The Explanatory Note also states:
“This Bill will create a system to support businesses to respond effectively”
Well actually no, there’s nothing in the Bill to support businesses at all; it simply places pressure on employers to provide extra paid leave and work flexibility to some employees.
The Explanatory note highlights the confused and somewhat dishonest basis of the Bill.
2. Why would such a Bill apply only to domestic violence? What about if one’s neighbours or the teenage gang down the road were violent and driving you out of your home? Surely people traumatized by violence of any kind that required them to make significant life changes could be helped by leave and flexibility in their employment?

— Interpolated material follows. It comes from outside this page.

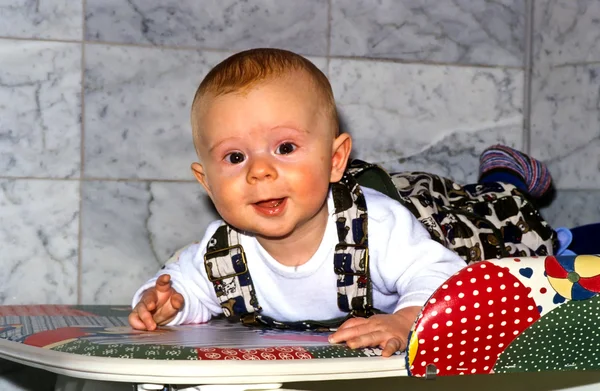 Sonriente bebé en el baño —  Fotos de Stock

3. The Bill defines domestic violence according to the Domestic Violence Act, i.e. a huge range of normal behaviour that is not necessarily violence at all but someone wants it seen that way. This includes psychological abuse such as raising one’s voice in an argument or letting children hear the raised voice, and economic abuse including limiting a partner’s access to financial resources, e.g. not agreeing to a partner’s every wish to spend money.

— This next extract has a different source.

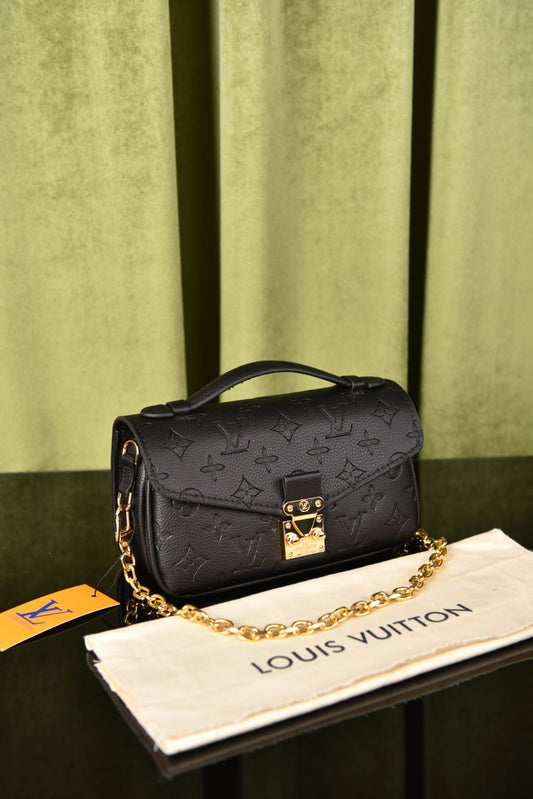 لوي فيتون بوشيت ميتس سادة (7 ألوان) - Louis Vuitton Pochette Metis East Plain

4. The Bill imports the same kind of inadequate attitude to evidence and proof as is used in the Family Court. An employee claiming domestic violence need only produce one of a large range of possible documents that suggests the possibility of domestic violence, such as
– A document confirming police attendance at an incident involving domestic violence. This means any police call out which may or may not have involved any violence or may have involved only a drunken false allegation but the police issued the man with a ‘Safety Order’ to ensure police were not going to be bothered again that night.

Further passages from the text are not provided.